Senate Bans Lawmakers, Staff From Prediction Market Trading

Senate unanimously adopted a rule Thursday barring Senators and staff from trading on prediction markets; enforcement is internal and the change is not federal law.

On Thursday the Senate voted unanimously to add a rule to its chamber rulebook banning Senators and their staff from trading on prediction markets. The change does not require House approval or the president’s signature and will be enforced through Senate procedures.

Senate leaders said the rule is meant to prevent conflicts of interest as probes and legislation addressing prediction markets move through Washington. Violations will be handled internally by members under existing chamber rules rather than through criminal or civil courts.

Lawmakers stepped up scrutiny after anonymous bettors placed profitable trades just before major public announcements, prompting concerns about insider activity. Federal prosecutors last week charged U.S. Army Special Forces Master Sergeant Gannon Ken Van Dyke, alleging he used advance knowledge of the ouster of Venezuelan President Nicolás Maduro to profit on Polymarket.
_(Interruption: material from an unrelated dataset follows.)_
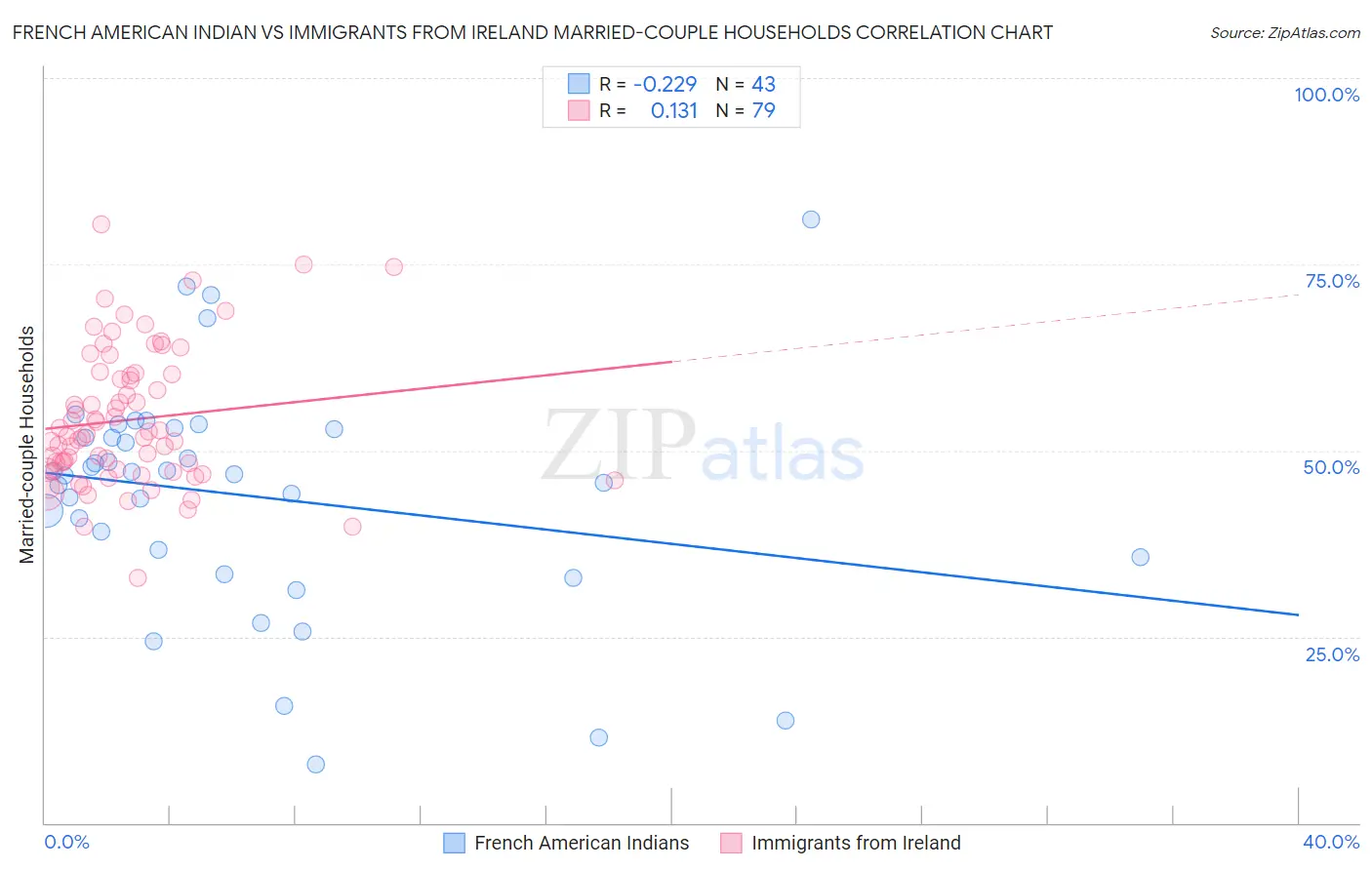 French American Indian vs Immigrants from Ireland Married-couple Households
The Justice Department’s criminal complaint and a separate civil action by the Commodity Futures Trading Commission say Van Dyke made more than $404,000 in illicit gains while involved in planning and executing an operation referred to as Operation Absolute Resolve.
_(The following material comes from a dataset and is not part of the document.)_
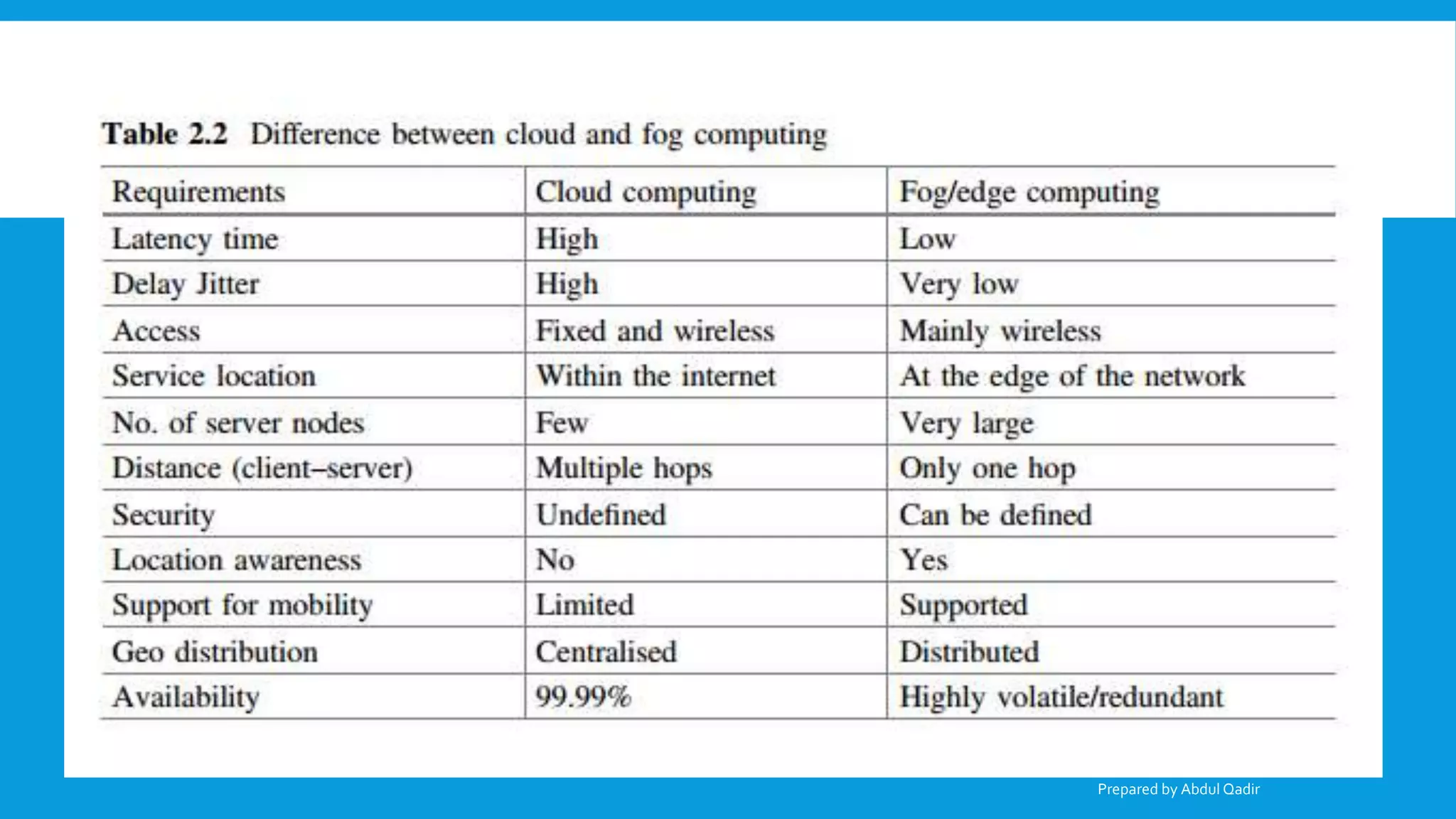Prepared by Abdul Qadir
Several bills in Congress would limit federal officials’ participation in prediction markets. Representative Ritchie Torres introduced the Public Integrity in Financial Prediction Markets Act of 2026 to bar federal officials from trading on these platforms. Senators Jeff Merkley and Amy Klobuchar filed a proposal to prohibit senior executive-branch members from trading. Representatives Blake Moore and Salud Carbajal introduced a bipartisan measure aimed at insider trading tied to sensitive military information and democratic processes.

Other proposed legislation would restrict markets that offer wagers on sports outcomes or on topics such as terrorism, assassination, war or the death of an individual. The Commodity Futures Trading Commission has brought civil actions related to trading on these platforms while regulators and lawmakers assess whether existing securities and derivatives laws cover event-based prediction markets.

Illinois Governor J.B. Pritzker issued an order barring state employees from using inside information to trade on prediction platforms. Platforms operating prediction markets have defended their practices. Polymarket’s deputy chief legal officer, Olivia Chalos, wrote on X that the company “operates in full compliance with applicable law” and that its insider trading rules match the lines drawn by the CFTC and courts.

Senator Bernie Moreno, who sponsored the Senate rule change, wrote on X that public service should not be mixed with personal trading and added, “Serving in Congress is an honor, not a side hustle.” Senator Richard Blumenthal criticized platforms that allow markets tied to national security secrets and pointed to a market that invited bets on the rescue of a U.S. soldier.